And it's not some idle claim.

Cohen sees human suffering as inherent to the scriptures, which is a paradox, because they are supposed to have been handed down to us from a loving God, by beans of his prophets. And yet, religions incite to violence, death, and destruction. For example: the genocide of the Canaanites; imposing the Cross on the Amerindians by the force of the Sword; The unholy alliances of churches and states; the wars of religion; the violence among the various religious groups. In many cases, suffering, death, and destruction are inflicted on humans by humans in the name of their gods and religions. But this is not exactly a case of religious fanaticism, a case of people twisting their god’s will and words for their own purposes. It is not just that they are misinterpreting the sacred books.

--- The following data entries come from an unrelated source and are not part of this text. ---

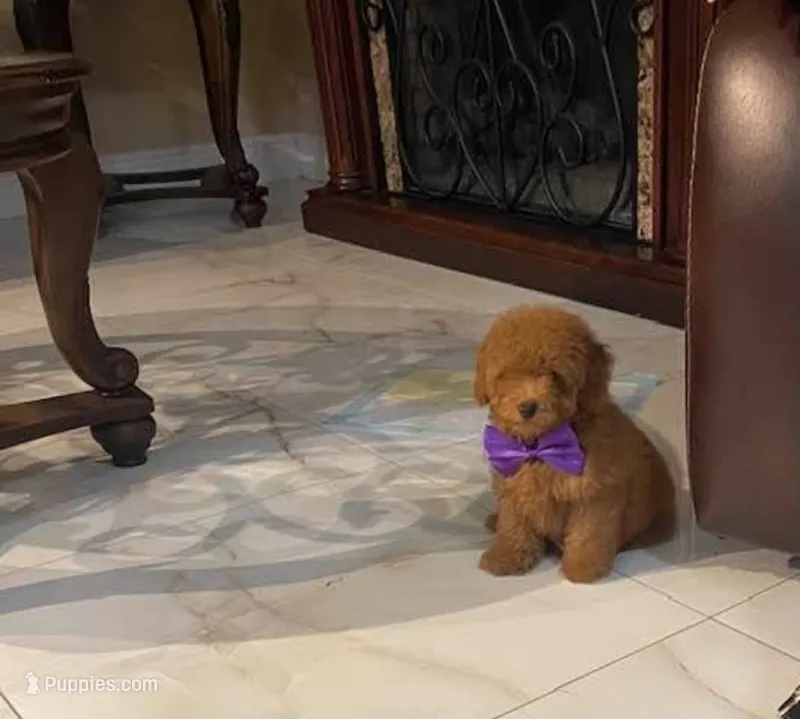 Toy poodle  – Poodle - Toy  puppy for sale in Tampa, FL
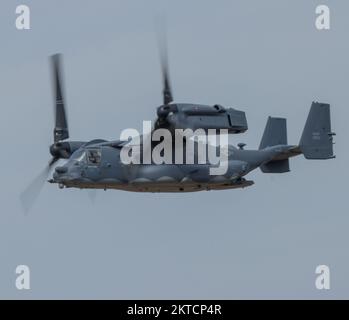 Osprey Stockfoto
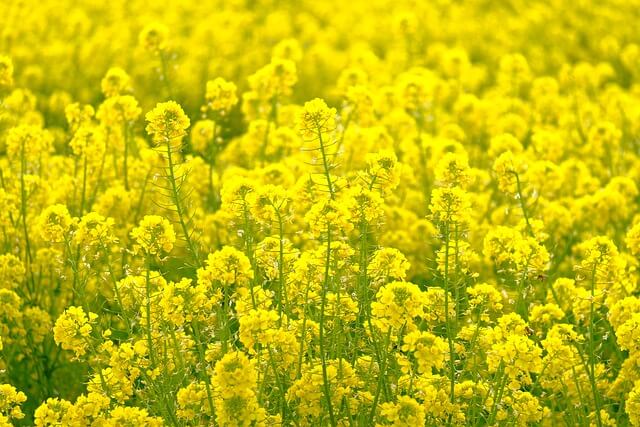 고창 청보리밭 축제 기간&amp;#44; 주차&amp;#44; 행사안내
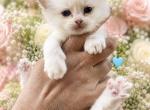 Cream Mitted Male - Ragdoll Kitten For Sale - 
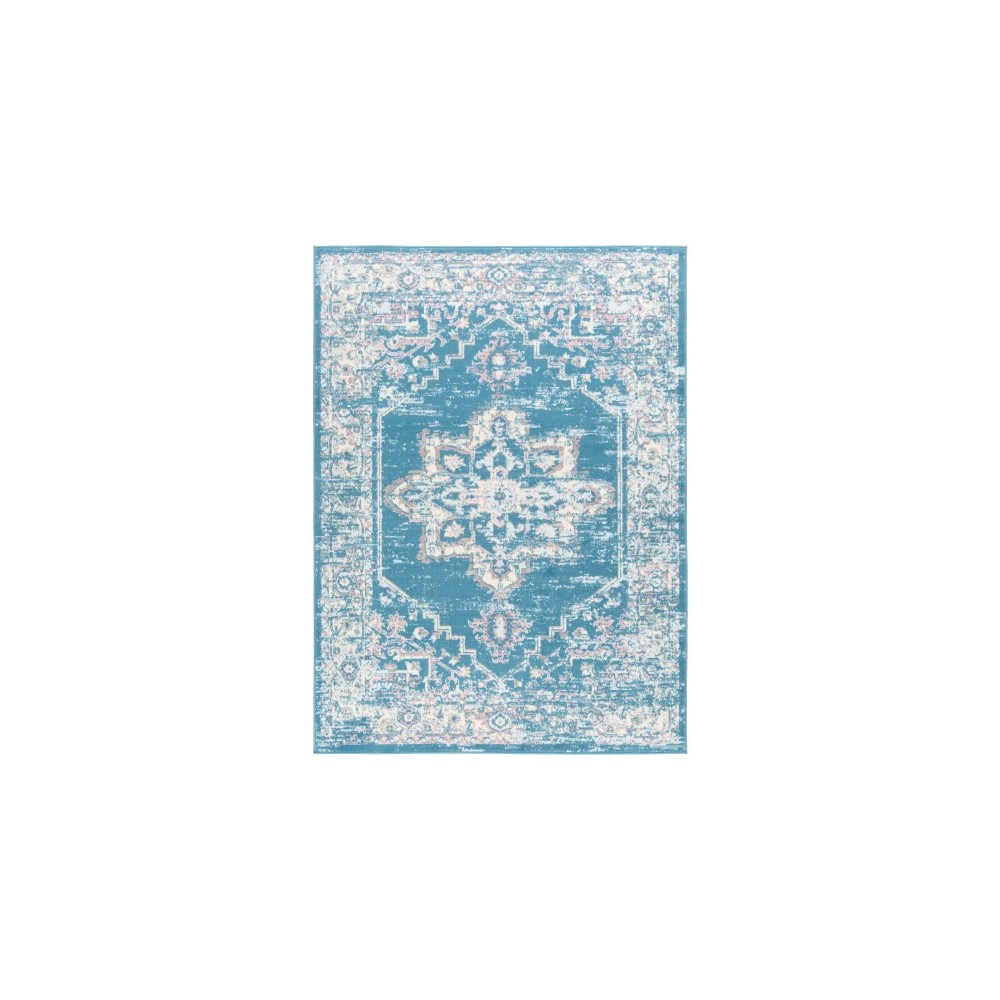 Surya Ustad UST-2305 2' x 2'11" Rug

It is actually written. 

According to the Pentateuch (the first five books of the Old Testament), when God called forth his people out of slavery in Egypt and back to the land of their forefathers, he directed them to kill all the Canaanite clans who were living in the land (Deut. 7.1-2; 20.16-18).  The destruction was to be complete: every man, woman, and child was to be killed.  The book of Joshua tells the story of Israel’s carrying out God’s command in city after city throughout Canaan.

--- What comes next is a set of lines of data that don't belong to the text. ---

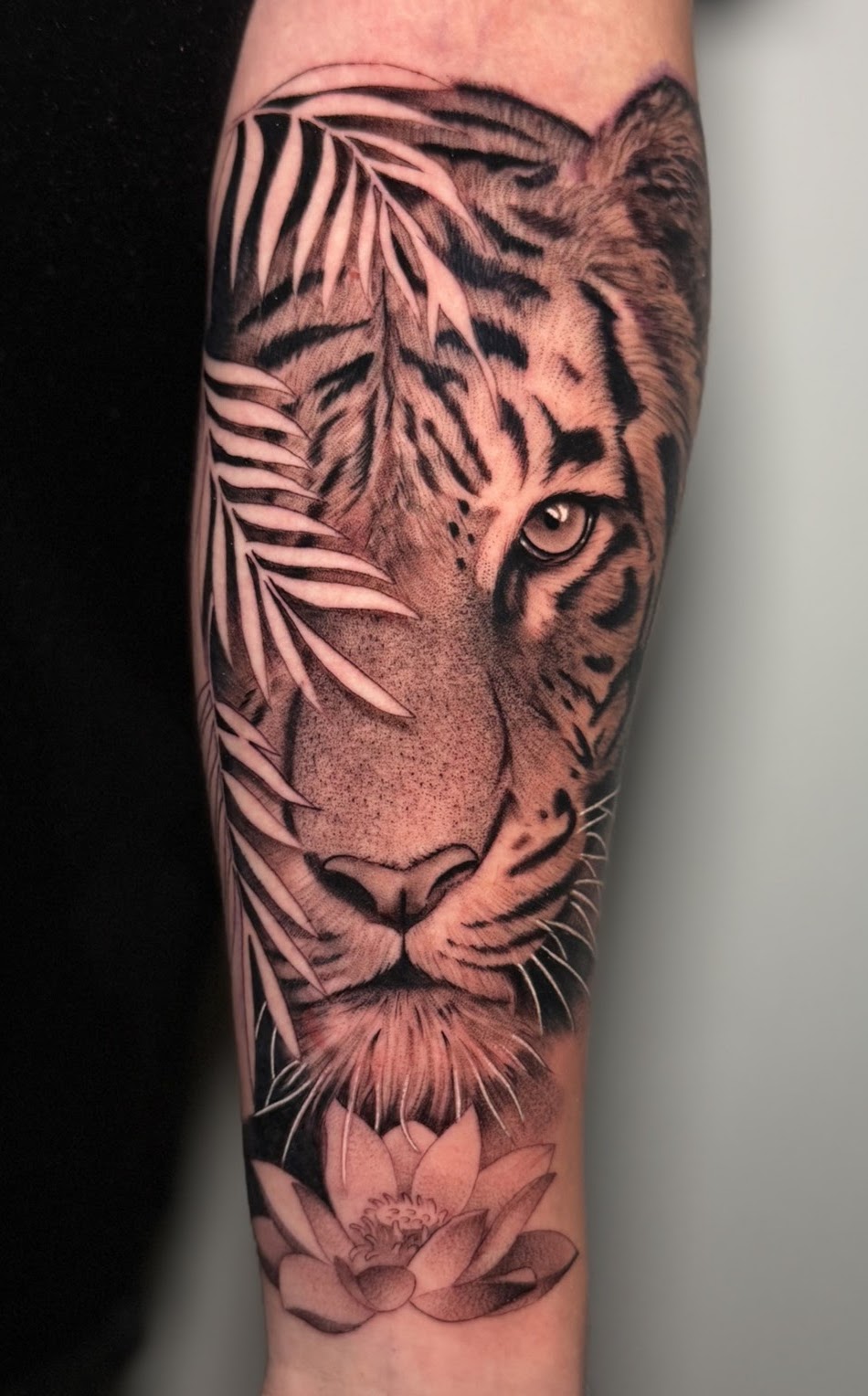 Tatuaje Tigre realista con hojas de palma y flor de loto — CAOS Art Tattoo Chile
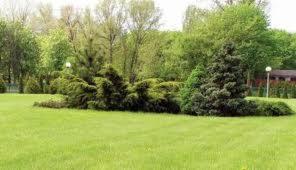 trawniki - zakładanie, koszenie, pielęgnacja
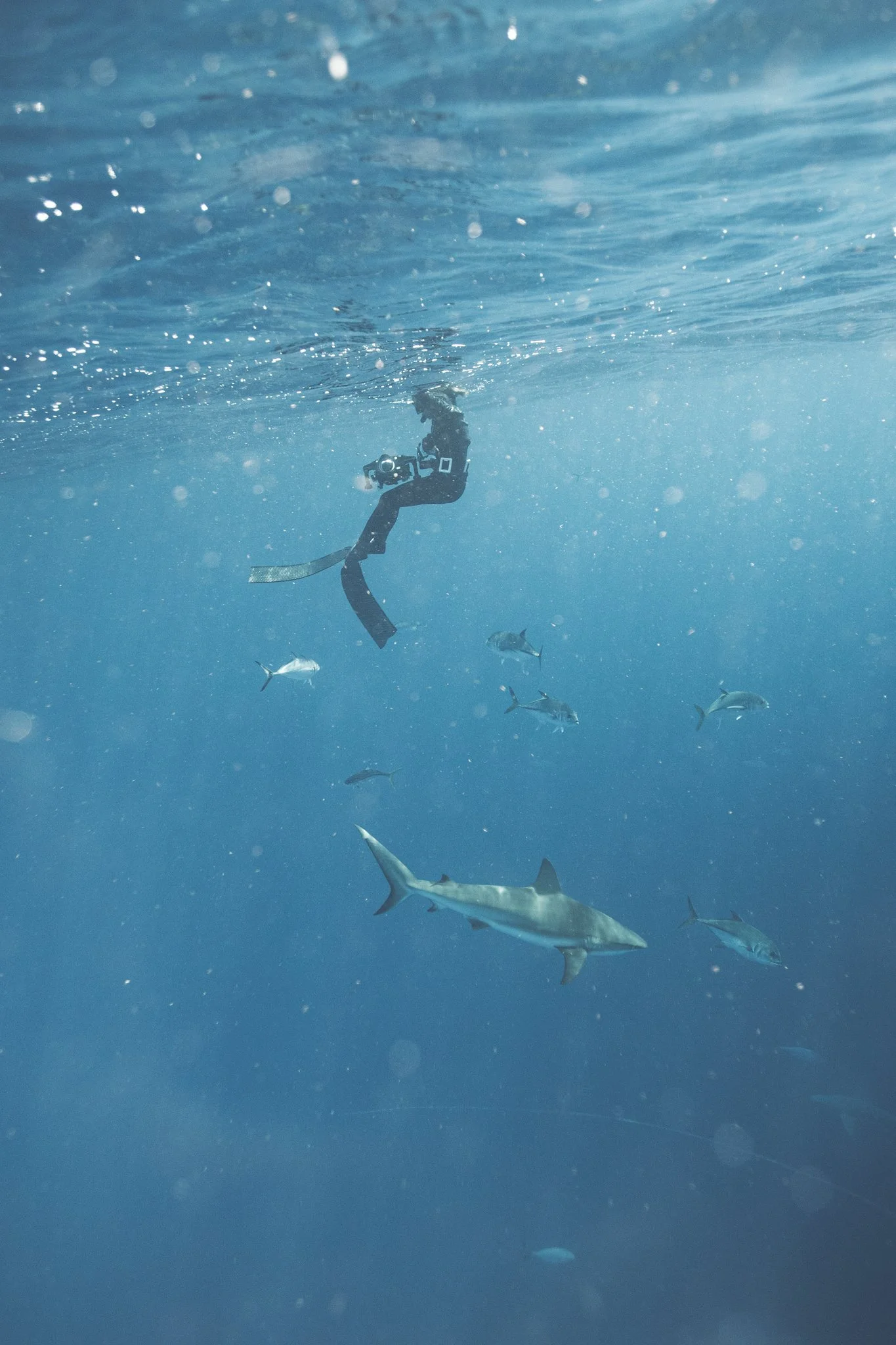 An underwater scene showing a diver holding a camera among sharks and smaller fish in the ocean.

Other so-called sacred books incite their followers to violence against the unbelievers, or infidels: “Kill the disbelievers wherever we find them” ; “Murder them and treat them harshly”; “Fight and slay the Pagans, seize them, beleaguer them, and lie in wait for them in every stratagem”; “Slay or crucify or cut the hands and feet of the unbelievers, that they be expelled from the land with disgrace and that they shall have a great punishment in the world hereafter”; “Smite them above their necks and smite all their finger-tips off them”. They also say that: “Non-believers will go to hell and will drink boiling water”; “For them (the unbelievers) garments of fire shall be cut and there shall be poured over their heads boiling water whereby whatever is in their bowels and skin shall be dissolved and they will be punished with hooked iron rods”.  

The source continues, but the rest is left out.